What's wrong with America?


NICK VENTER - stuff.co.nz - 27/03/2012

Thomas Friedman
PHIL REID/Fairfax NZ
Thomas Friedman connects the dots and spots a difference in New Zealand politics.

In the summer of 2010, Thomas Friedman sat down for breakfast with a friend at his favourite Minneapolis restaurant. He ordered three buttermilk pancakes with scrambled eggs. His friend ordered three buttermilk pancakes with fruit. When the waitress put down his friend's plate and said "I gave you extra fruit", Friedman and his friend gave her a 50 per cent tip.

Why?

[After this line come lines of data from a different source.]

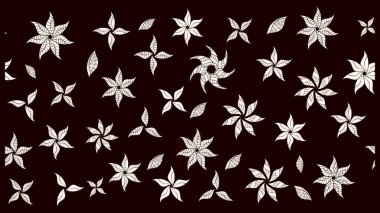 Çiçek. Siyah renklerde. Taslak dekoratif arka plan, çiçek mandala. Raster illüstrasyonu.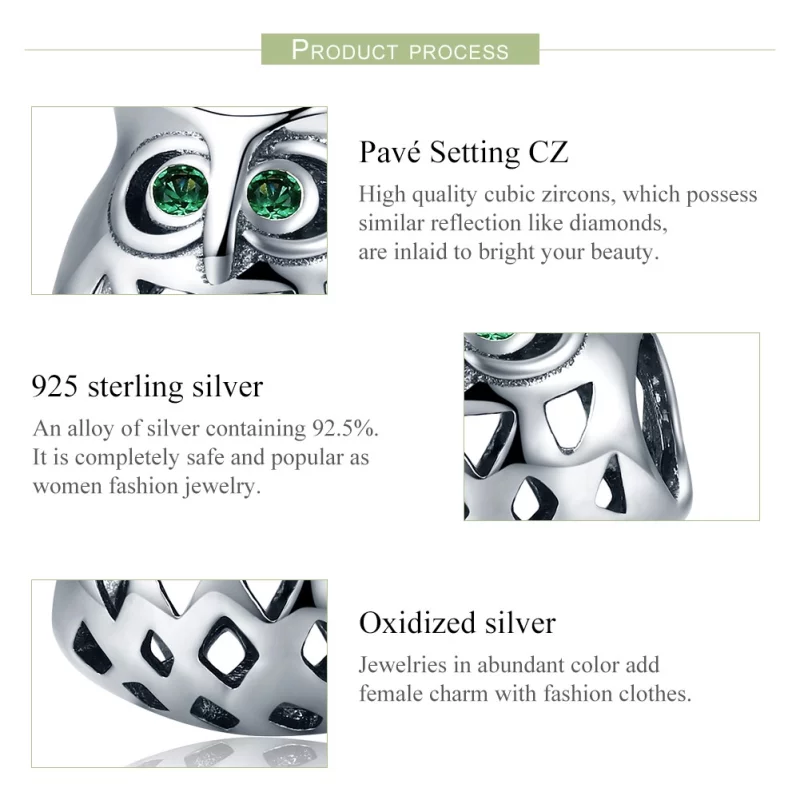 (image pour) Charm Style PANDORA Hibou - SCC424 - Afficher 6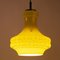 Space Age Yellow Waffeled Pendant Lamp from Peill & Putzler, 1970s, Image 5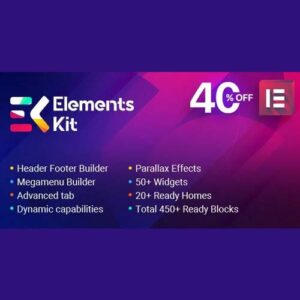 Elements Kit All In One ElementsKit Addons for Elementor Page Builder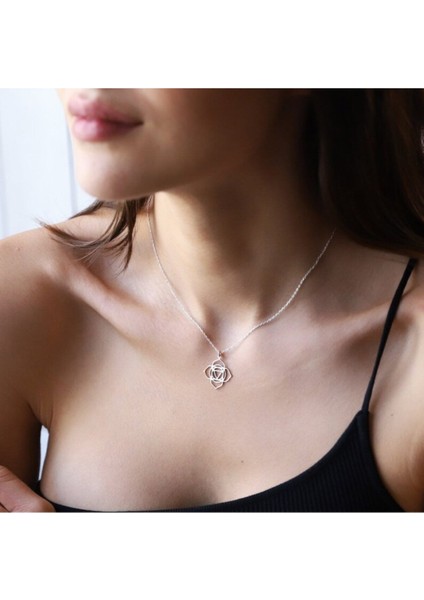 925 Ayar Gümüş Kök Çakra Kolye modelleri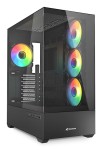 Compra Sharkoon Case Ak6 Rgb Black Atx Sharkoon Case Ak6 Rgb Black Atx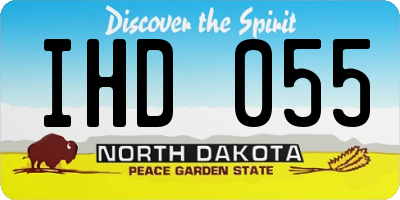 ND license plate IHD055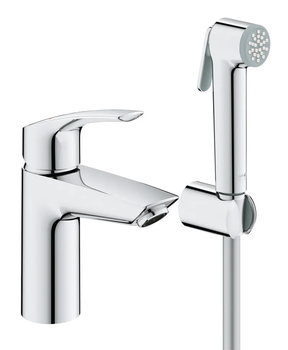 Змішувач для умивальника одноважільний настільний Хром Grohe Eurosmart 23124003 (00147876)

Because she had found a way to distinguish herself from her competition and had furnished Friedman with an anecdote for his latest book, 'That Used to Be Us': What Went Wrong With America - And How It Can Come Back.
"That waitress didn't control much," Friedman says sipping a cappuccino in Wellington, "but she controlled the fruit ladle, and that was her extra, that was her way of doing her extra thing."
It is the morning after Friedman has enthralled an audience of 1500 people in Wellington with a talk on the subject of 'That Used To Be Us', the United States' economic decline. Small and dapper, with a bushy, neatly groomed moustache, greying hair and brown eyes that miss nothing, he is gracious and helpful.